Page 1 of 1

Write Through

Posted: Thu Jun 16, 2005 1:59 pm
by dc0d32
How does the so called "Write through" technique work? Does it affect L2 alone or both L1 and L2 caches?

Re:Write Through

Posted: Thu Jun 16, 2005 2:36 pm
by mystran
Write through stores writes in both cache and real memory at once. Write back, stores writes to cache, and syncs to real memory only when the cache line is discarded.

So write through is useful when you want to get your writes to real memory when you perform them. Good idea for things like framebuffers, audio buffers.

Performance of Write-back is usually superior.

AFAIK cache settings affect both L1 and L2 cache.

Re:Write Through

Posted: Thu Jun 16, 2005 10:26 pm
by Brendan
Hi,

It's possibly worth pointing out that there's 6 different methods the CPU can use:

Strong uncacheable
Uncacheable
Write combining
Write through
Write back
Write protected

Write combining is where writes go into a special CPU buffer and are sent out in larger chunks - typically used for video display memory.

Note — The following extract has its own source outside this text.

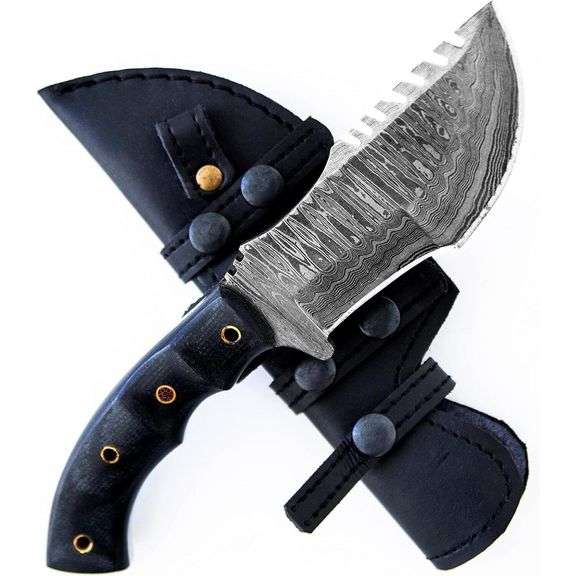 Damascus Steel Tracker Knife Walnut Handle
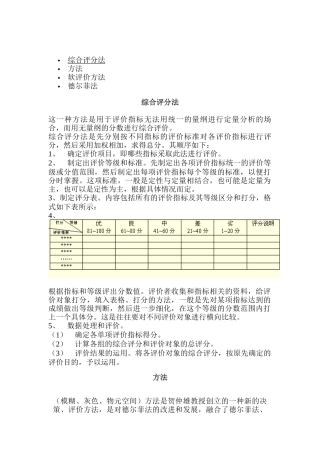 评价指标方法概述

The method used for any one access is determined by combining the MTRR and the PAT entry for the page.

MTRR is the Memory Type Range Registers - MSR's that apply to physical addresses. The Page Attribute Table is configured through MSR's too, but the index into this table comes from page table entries. On older CPUs there's 2 cache control flags in the page table entries instead.

In general the MTRRs set the highest usable caching type, and the PAT entry reduces it - for example, if the MTRRs say an access uses write back then the PAT entry can change the access to any caching type, but if the MTRRs says an access is uncachable then the PAT entry can't override this (although write combining is allowed).

Then there's some global flags - CD and NW in CR0 (used as a "master switch"), and PCD and PWT in CR3 (used as a "master switch" for the current address space only).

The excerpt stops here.